On EMI's Blue Note label the vocalist Cassandra Wilson finally made an album to better her Blue Skies set of a few years ago. Blue Light 'Til Dawn is a stripped- down-to-the-bone collection of old blues and standards where her big voice is made to carry the show almost alone, accompanied only by a shimmer from percussion, steel guitar, bass and the odd interjection of violin, clarinet or cornet.

The annual dump-truck's worth of David Murray albums includes at least one essential item in Ballads for Bass Clarinet (DIW). Murray demonstrates the incredible range of the instrument - which looks like an antique radiator - by going from stratospheric trumpet register to basso profundo squalls while somehow managing to retain melodic unities.

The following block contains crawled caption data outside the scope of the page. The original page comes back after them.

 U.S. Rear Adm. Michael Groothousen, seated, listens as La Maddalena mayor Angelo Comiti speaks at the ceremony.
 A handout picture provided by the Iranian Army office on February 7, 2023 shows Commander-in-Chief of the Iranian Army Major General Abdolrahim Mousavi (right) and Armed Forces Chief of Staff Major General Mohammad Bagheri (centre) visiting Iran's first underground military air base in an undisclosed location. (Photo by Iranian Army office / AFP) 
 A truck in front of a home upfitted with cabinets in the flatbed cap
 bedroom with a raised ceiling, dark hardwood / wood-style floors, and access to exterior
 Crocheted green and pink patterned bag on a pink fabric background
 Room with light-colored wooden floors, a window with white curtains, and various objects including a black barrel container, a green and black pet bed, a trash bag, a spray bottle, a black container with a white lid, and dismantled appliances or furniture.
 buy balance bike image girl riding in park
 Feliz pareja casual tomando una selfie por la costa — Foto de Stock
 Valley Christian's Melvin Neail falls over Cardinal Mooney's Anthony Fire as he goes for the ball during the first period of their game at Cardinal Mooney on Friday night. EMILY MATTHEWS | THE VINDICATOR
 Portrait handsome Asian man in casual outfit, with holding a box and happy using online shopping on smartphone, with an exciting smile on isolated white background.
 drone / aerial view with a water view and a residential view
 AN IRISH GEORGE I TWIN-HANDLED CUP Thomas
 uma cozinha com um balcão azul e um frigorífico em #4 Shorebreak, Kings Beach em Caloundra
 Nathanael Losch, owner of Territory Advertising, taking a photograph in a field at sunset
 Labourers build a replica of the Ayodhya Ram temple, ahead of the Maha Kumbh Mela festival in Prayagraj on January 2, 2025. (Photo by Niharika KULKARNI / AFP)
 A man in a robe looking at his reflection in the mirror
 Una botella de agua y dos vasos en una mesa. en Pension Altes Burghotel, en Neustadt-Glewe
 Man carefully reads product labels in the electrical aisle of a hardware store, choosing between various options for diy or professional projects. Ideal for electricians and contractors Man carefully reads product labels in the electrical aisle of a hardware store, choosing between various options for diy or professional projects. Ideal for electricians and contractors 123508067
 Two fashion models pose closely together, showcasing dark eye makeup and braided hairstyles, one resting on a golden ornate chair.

The British clarinet and alto sax player David Jean Baptiste released an excellent low-budget debut, Grooved On A Four (Saxology), which demonatrated a Murray-like emotional attack driven with remorseless swing by Andrea Vicari's piano. Among other British players, Julian Joseph's Reality (East West) confirmed the promise of his debut, while US3's Hand On The Torch (Blue Note) set the agenda for jazz-rap fusion.

In the jazz equivalent of the chill-out room ECM Records still hold sway, and on In The Evenings Out There, pianist Paul Bley, bassist Gay Peacock, drummer Tony Oxley and reeds player John Surman created a chamber music series of mainly solo and duet pieces that perfectly capture that late night meets early morning feeling. A reassertion of traditional modern jazz values of the highest order can be heard on the soprano saxophonist Dave Liebman's quite outstanding Setting The Standard (Red), which opens with the perennial jazz-pub favourite 'Milestones' and never lets up thereafter.

Re-releases continued to appear with at least the frequency of new recordings. Hammond organ maestro Big John Patton's Let 'Em Roll (Blue Note), Pharoah Sanders' superb Heart Is A Melody (Evidence) and - for completists - another five CDs from the Sun Ra vaults (all on Evidence) are among the best on offer.